Bits of Neanderthal DNA have been found in a cave in northern Spain where 11 Neanderthals were murdered about 49,000 years ago and then cannibalized. Geneticists like Professor Church believe it may be possible to create a Neanderthal person by implanting a stem cell with Neanderthal DNA into a human blastocyst and then keeping all the non-Neanderthal cells from developing. Of course, just as does embryonic stem cell research, this requires eliminating human life and is opposed by many, like myself, for this reason.

But there are other reasons to balk at cloning a Neanderthal. Church, himself, acknowledges that anyone cloned would lack the social and environment factors that shaped the original: "They would be something new," he says, "neo-Neanderthals." "This is a species-altering event. It changes the way we are creating a new generation," says Lori Andrews, a professor at Chicago-Kent College of Law. Archeology notes that "legal precedent in the united States seems to be on the side of Neanderthal human rights"...one of which would certainly be the right not to be experimented on. This might make moot Professor Church's desire to use a cloned Neanderthal to further medical research.

Archeology quotes Bernard Rollin, a bioethicist and professor of philosophy at Colorado State University who believes "the problem lies in how that individual would be treated by others." Rollin says, "I don't believe it is fair to put people...into a circumstance where they are going to be mocked and possibly feared, and this is equally important: it's not going to have a peer group. Given that humans are at some level social beings, it would be grossly unfair."

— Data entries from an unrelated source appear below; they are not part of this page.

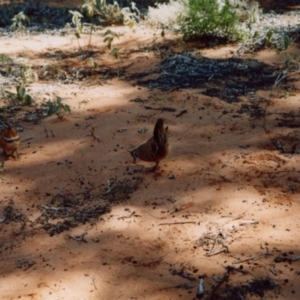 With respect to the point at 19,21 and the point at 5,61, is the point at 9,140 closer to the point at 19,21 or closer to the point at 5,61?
the point at 5,61

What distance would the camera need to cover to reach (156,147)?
4.34m

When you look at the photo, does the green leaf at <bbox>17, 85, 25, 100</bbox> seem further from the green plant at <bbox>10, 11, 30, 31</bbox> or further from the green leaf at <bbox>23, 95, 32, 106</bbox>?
the green plant at <bbox>10, 11, 30, 31</bbox>

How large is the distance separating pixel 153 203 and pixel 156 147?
54 cm

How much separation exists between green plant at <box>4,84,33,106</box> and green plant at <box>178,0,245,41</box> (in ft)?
11.4

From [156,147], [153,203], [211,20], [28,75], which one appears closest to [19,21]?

In the end, Archeology poses the question: "The ultimate goal of studying human evolution is to better understand the human race. The opportunity to meet a Neanderthal and see firsthand our common but separate humanity seems, on the surface, too good to pass up. But what if the thing we learned from cloning a Neanderthal is that our curiosity is greater than our compassion (remember, as Archeology states, the number of sick and dead individuals produced by nuclear transfer cloning is the reason nearly all scientists are opposed to human reproductive cloning") ?"

More likely what's learned (or relearned) would be that our technological know how is greater that our wisdom.